_Available data_.
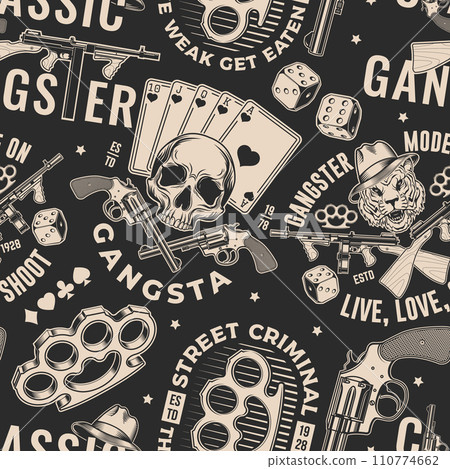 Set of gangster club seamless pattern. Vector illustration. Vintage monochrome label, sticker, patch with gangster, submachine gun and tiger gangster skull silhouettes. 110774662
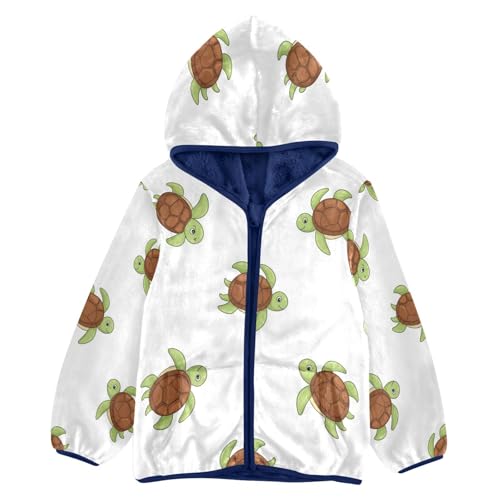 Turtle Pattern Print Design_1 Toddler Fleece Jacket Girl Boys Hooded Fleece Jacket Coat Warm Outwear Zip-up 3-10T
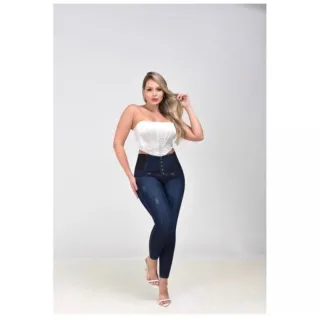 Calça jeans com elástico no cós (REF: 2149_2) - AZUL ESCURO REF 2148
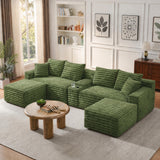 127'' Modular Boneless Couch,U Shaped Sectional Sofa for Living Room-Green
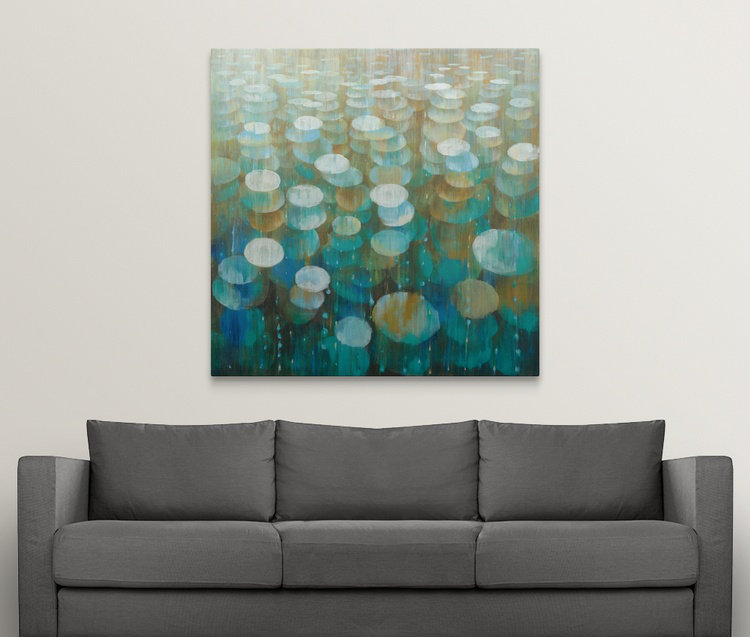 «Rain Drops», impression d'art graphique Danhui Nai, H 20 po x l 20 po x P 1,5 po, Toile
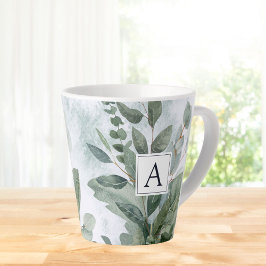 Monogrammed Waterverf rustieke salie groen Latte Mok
...
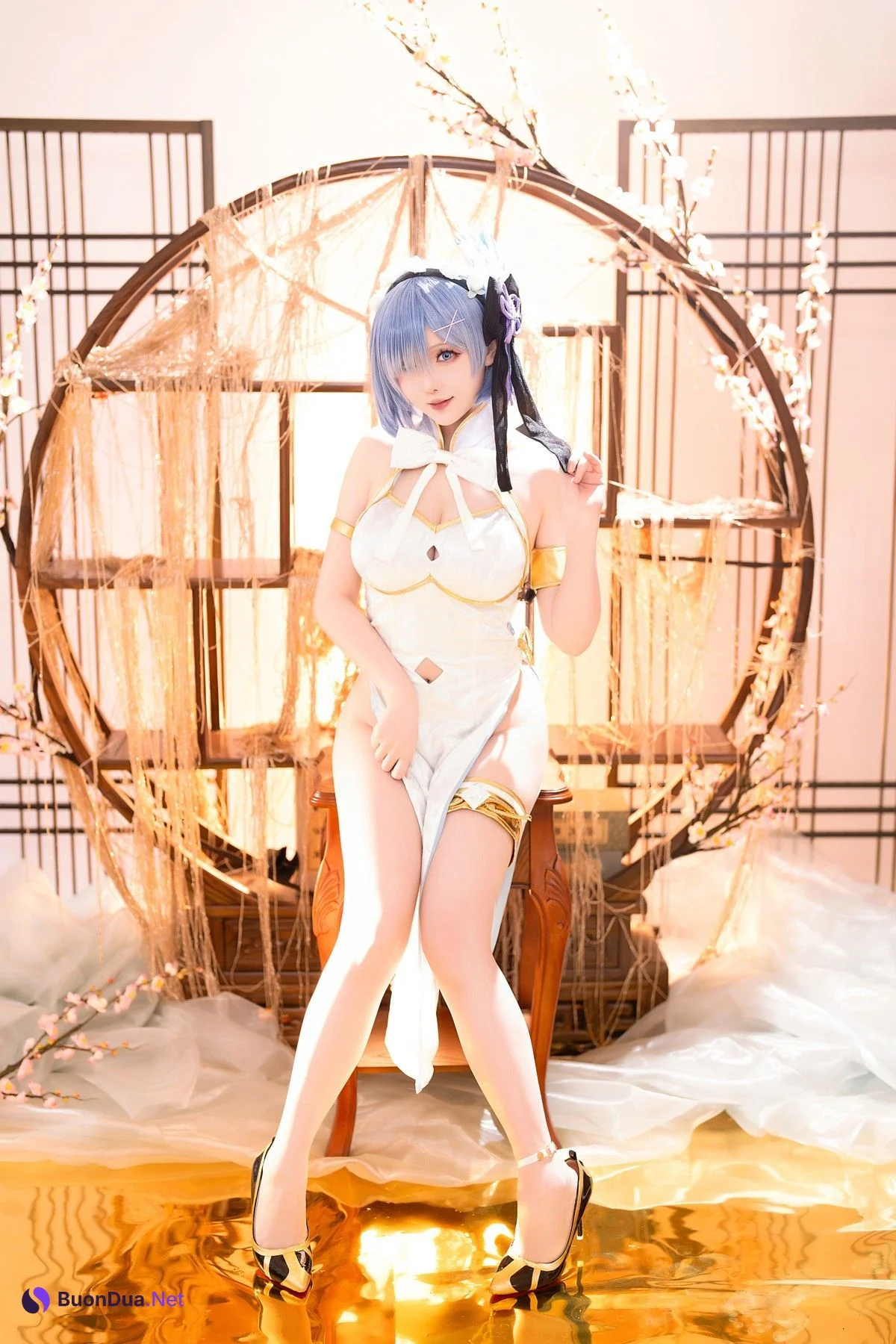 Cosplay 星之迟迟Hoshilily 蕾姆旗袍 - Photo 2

_What to produce_. Working from the data above, repeat exactly, and only, the lines that begin at the line containing "Calça jeans com" and stop after the line containing "Monogrammed Waterverf rustieke"; pictures are not copied.

_Response for this exercise_.
 Calça jeans com elástico no cós (REF: 2149_2) - AZUL ESCURO REF 2148
 127'' Modular Boneless Couch,U Shaped Sectional Sofa for Living Room-Green
 «Rain Drops», impression d'art graphique Danhui Nai, H 20 po x l 20 po x P 1,5 po, Toile
 Monogrammed Waterverf rustieke salie groen Latte Mok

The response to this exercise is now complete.